- _EXERCISE_
Below is a listing to write out in full, exactly as given, without its pictures.

- _DATA SEGMENT_
•••••

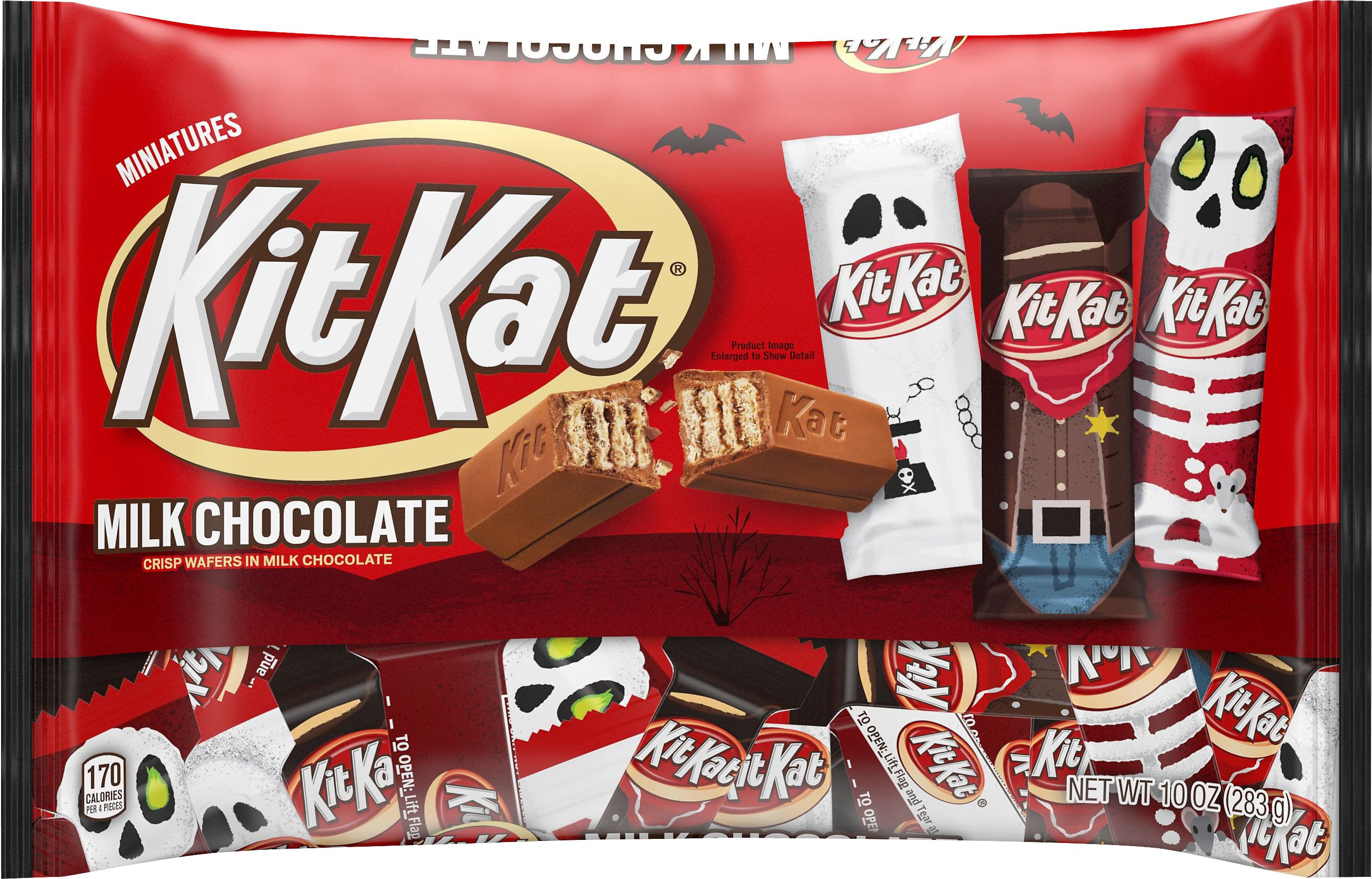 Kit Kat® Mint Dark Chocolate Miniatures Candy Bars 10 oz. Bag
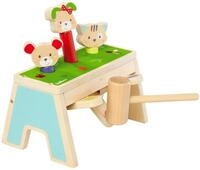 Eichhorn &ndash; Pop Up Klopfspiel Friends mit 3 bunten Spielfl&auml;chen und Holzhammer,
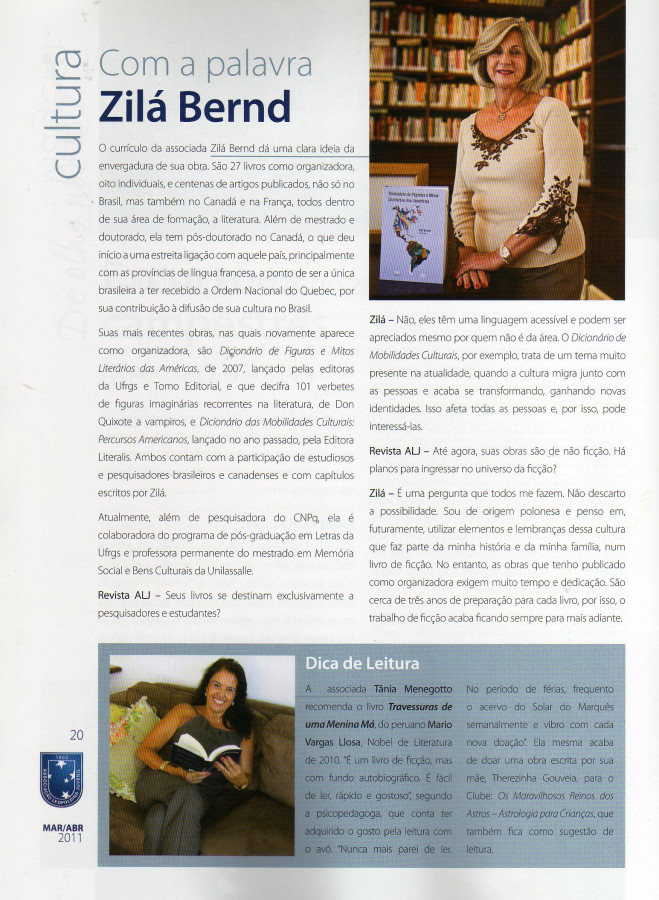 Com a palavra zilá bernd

•••••

- _SOLUTION FOR THIS PROBLEM_
 Kit Kat® Mint Dark Chocolate Miniatures Candy Bars 10 oz. Bag
 Eichhorn &ndash; Pop Up Klopfspiel Friends mit 3 bunten Spielfl&auml;chen und Holzhammer,
 Com a palavra zilá bernd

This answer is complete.